2026 Hurricane Activity Projections Out Today
Independent, data-driven climate reporting like this doesn’t happen without support. If you value clear analysis over hype, and accountability over spin, consider becoming a paid subscriber to keep this work going.
A “Quiet” Hurricane Season
There’s a particular kind of risk that only shows up in the margins in the years when the numbers look reassuring, when forecasters hedge toward “below average,” when the headlines drift elsewhere.

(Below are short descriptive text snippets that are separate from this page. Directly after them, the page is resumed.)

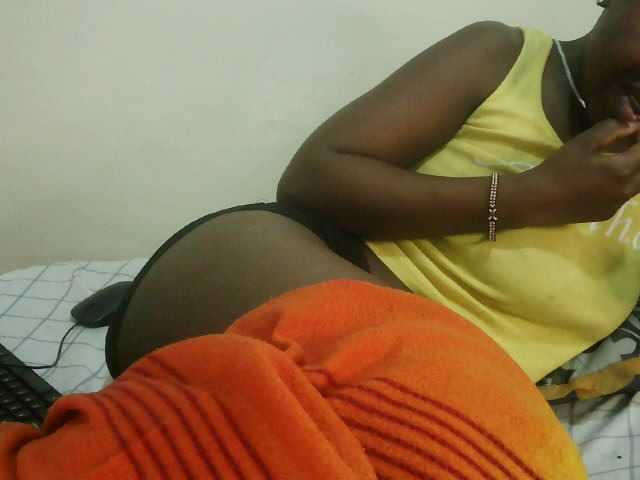 Blackdoll1 live cam on BongaCams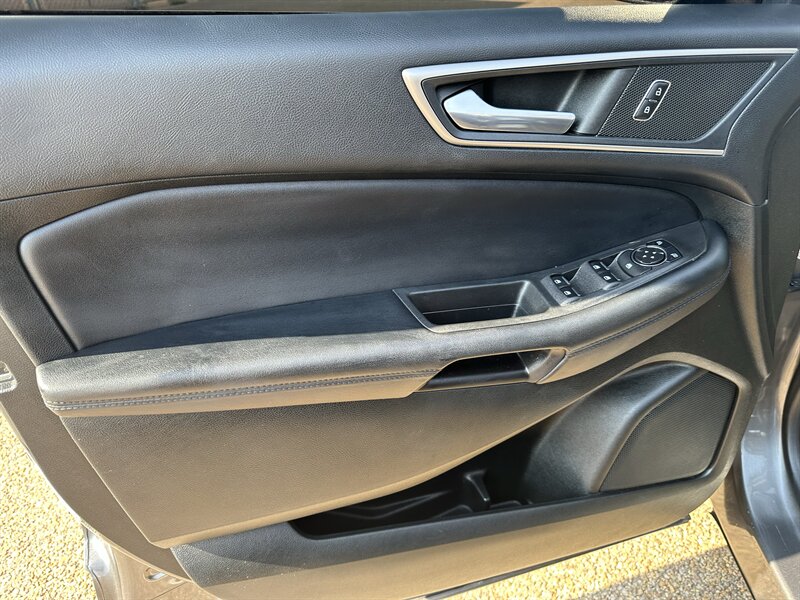2023 Ford Edge SEL - Photo 9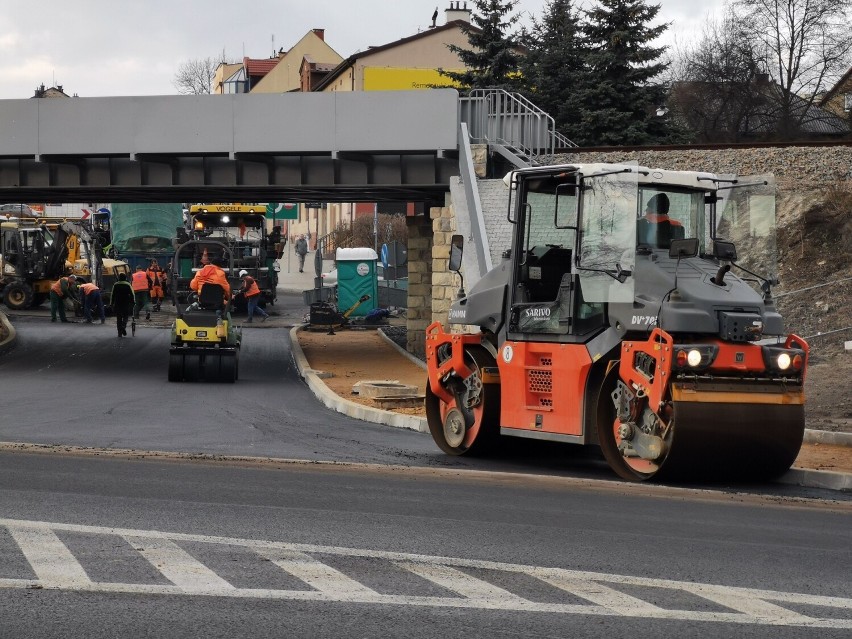 Budowa drogi pod wiaduktem na DK 79 w Chrzanowie na finiszu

That’s where 2026 is shaping up to live.
Researchers at Colorado State University released one of the first major forecasts for the Atlantic hurricane season:
13 named storms
6 hurricanes
2 major hurricanes
For context, in 2025 we had:
13 named storms
5 hurricanes
4 major hurricanes
After years of hyperactive seasons fueled by record ocean heat, a step down feels like a break in the pattern.
The central driver behind this year’s forecast is the expected development of El Nino in the Pacific.
El Nino tends to increase vertical wind shear across the Atlantic — essentially tearing apart developing storms before they can organize. That’s why forecasters are leaning toward fewer hurricanes overall.
But hurricane seasons don’t unfold neatly according to a single variable.
Even as El Nino suppresses storm formation, other signals are pushing in the opposite direction. Sea surface temperatures in parts of the Atlantic (particularly the western basin) remain anomalously warm, providing fuel for any storm that does manage to form.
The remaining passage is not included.